明治5年(1872)8月、明治新政府は、近代日本の教育理念として「邑に不学の戸なく、家に不学の人なからしむ」の方針と制度を示す「学制」を太政官(だじょうかん)布告として公布した。
この太政官布告は、「学制」実施にあたっての教育の宣言ともいうべきもので、従来の学問観や学校観を批判し新しい学校へ国民一般が入学し、新時代に即応した有用の学を修めなければならないと説いた。
学校制度の体系としては、小学・中学・大学の3段階を基本とし、小学校は8年制をとり、上等小学、下等小学各4年とした。これらの小学・中学・大学を設置するために学区制をしき、全国を5万3760の小学区に分け、各小学区に1校の小学校を、210小学区をもって中学区とし、全国256の中学区に中学校1校を設置、32中学区をまとめ大学区として、全国に8大学を設置することとした。
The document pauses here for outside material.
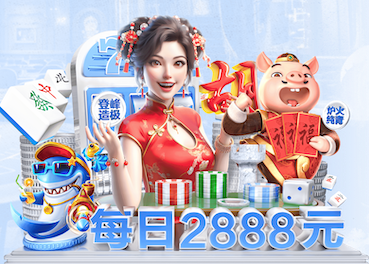 www.xingkong.com 了解塑胶跑道彩色颗粒的奥秘与材质!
東京府は第一大学区に属し、6の中学区に分けられた。港区地域は、芝・麻布・高輪の大部分が第二中学区、赤坂地区が第三中学区に所属することになった。しかし、1中学区に210の小学区設置は事実上不可能な計画であった。そこで、東京府は「東京府管下中小学創立大意」全15条を定め、府下に115校の建設を目標とした。
東京府知事大久保一翁が告示した「小学校設立の趣意」の中に「最寄小学へ従学為致可申尤当分私学家塾へ通学致候トモ可為勝手事」とあり、100校以上の小学校設置は当時の財政事情を考慮すれば不可能で、既設の家塾・寺子屋の活用という方式をとらざるを得なかったとこの文面からも想像できる。